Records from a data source
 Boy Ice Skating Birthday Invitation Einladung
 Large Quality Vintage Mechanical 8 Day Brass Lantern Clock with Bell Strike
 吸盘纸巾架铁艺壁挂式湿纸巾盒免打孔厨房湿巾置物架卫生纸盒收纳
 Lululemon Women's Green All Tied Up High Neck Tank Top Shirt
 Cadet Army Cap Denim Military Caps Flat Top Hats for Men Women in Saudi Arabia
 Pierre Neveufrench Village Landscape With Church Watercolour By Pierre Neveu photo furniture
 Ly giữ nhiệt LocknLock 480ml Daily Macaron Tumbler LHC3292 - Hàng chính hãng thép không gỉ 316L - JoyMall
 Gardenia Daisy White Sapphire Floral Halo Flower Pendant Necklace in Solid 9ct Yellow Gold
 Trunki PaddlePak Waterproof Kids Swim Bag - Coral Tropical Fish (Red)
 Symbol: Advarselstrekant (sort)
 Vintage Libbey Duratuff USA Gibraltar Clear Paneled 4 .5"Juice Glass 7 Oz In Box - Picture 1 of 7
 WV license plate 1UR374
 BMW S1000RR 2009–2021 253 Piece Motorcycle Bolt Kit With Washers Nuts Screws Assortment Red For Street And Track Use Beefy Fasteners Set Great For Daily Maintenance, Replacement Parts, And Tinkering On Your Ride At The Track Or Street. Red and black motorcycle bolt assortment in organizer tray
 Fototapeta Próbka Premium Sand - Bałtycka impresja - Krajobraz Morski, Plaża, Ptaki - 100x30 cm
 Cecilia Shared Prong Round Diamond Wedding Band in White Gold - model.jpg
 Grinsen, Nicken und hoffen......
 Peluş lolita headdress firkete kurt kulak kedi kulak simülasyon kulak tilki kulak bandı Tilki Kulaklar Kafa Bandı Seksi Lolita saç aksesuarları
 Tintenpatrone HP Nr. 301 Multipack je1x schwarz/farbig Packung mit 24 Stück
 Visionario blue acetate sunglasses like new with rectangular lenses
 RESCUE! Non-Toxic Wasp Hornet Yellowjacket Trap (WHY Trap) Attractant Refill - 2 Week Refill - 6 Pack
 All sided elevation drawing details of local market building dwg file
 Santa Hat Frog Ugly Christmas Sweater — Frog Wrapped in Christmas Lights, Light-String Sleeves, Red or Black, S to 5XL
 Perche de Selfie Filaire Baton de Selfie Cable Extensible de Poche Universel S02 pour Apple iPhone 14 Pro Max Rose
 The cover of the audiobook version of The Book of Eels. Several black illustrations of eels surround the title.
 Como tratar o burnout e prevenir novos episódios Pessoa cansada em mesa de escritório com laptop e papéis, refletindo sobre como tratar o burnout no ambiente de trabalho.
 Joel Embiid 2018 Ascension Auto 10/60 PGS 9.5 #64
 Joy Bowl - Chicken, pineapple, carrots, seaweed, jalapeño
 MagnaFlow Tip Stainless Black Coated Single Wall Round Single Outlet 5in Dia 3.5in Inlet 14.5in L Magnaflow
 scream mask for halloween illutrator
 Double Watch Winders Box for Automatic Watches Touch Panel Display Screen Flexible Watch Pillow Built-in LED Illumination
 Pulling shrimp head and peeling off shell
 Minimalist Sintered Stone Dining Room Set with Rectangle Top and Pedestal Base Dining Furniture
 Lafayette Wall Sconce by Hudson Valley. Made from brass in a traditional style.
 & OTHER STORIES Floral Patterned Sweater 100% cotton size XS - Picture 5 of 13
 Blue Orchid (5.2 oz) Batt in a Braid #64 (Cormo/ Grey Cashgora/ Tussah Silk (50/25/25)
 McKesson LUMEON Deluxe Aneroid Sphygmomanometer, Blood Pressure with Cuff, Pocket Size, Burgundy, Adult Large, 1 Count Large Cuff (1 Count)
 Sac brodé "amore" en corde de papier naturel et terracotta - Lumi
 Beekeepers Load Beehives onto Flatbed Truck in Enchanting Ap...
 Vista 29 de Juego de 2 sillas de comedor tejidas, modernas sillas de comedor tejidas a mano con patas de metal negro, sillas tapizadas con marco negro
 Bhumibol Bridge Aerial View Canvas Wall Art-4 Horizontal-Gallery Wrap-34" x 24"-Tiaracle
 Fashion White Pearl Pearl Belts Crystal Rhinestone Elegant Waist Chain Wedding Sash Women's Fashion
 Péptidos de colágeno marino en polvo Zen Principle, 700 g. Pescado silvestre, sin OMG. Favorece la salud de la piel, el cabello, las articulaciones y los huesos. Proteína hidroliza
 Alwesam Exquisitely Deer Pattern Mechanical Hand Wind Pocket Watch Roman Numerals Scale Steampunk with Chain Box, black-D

### WORK REQUIRED:
The range runs from the line above containing "Peluş lolita headdress" to the line containing "McKesson LUMEON Deluxe", inclusive. Restate those lines word for word and no others.

### RESULT OF THE TASK:
 Peluş lolita headdress firkete kurt kulak kedi kulak simülasyon kulak tilki kulak bandı Tilki Kulaklar Kafa Bandı Seksi Lolita saç aksesuarları
 Tintenpatrone HP Nr. 301 Multipack je1x schwarz/farbig Packung mit 24 Stück
 Visionario blue acetate sunglasses like new with rectangular lenses
 RESCUE! Non-Toxic Wasp Hornet Yellowjacket Trap (WHY Trap) Attractant Refill - 2 Week Refill - 6 Pack
 All sided elevation drawing details of local market building dwg file
 Santa Hat Frog Ugly Christmas Sweater — Frog Wrapped in Christmas Lights, Light-String Sleeves, Red or Black, S to 5XL
 Perche de Selfie Filaire Baton de Selfie Cable Extensible de Poche Universel S02 pour Apple iPhone 14 Pro Max Rose
 The cover of the audiobook version of The Book of Eels. Several black illustrations of eels surround the title.
 Como tratar o burnout e prevenir novos episódios Pessoa cansada em mesa de escritório com laptop e papéis, refletindo sobre como tratar o burnout no ambiente de trabalho.
 Joel Embiid 2018 Ascension Auto 10/60 PGS 9.5 #64
 Joy Bowl - Chicken, pineapple, carrots, seaweed, jalapeño
 MagnaFlow Tip Stainless Black Coated Single Wall Round Single Outlet 5in Dia 3.5in Inlet 14.5in L Magnaflow
 scream mask for halloween illutrator
 Double Watch Winders Box for Automatic Watches Touch Panel Display Screen Flexible Watch Pillow Built-in LED Illumination
 Pulling shrimp head and peeling off shell
 Minimalist Sintered Stone Dining Room Set with Rectangle Top and Pedestal Base Dining Furniture
 Lafayette Wall Sconce by Hudson Valley. Made from brass in a traditional style.
 & OTHER STORIES Floral Patterned Sweater 100% cotton size XS - Picture 5 of 13
 Blue Orchid (5.2 oz) Batt in a Braid #64 (Cormo/ Grey Cashgora/ Tussah Silk (50/25/25)
 McKesson LUMEON Deluxe Aneroid Sphygmomanometer, Blood Pressure with Cuff, Pocket Size, Burgundy, Adult Large, 1 Count Large Cuff (1 Count)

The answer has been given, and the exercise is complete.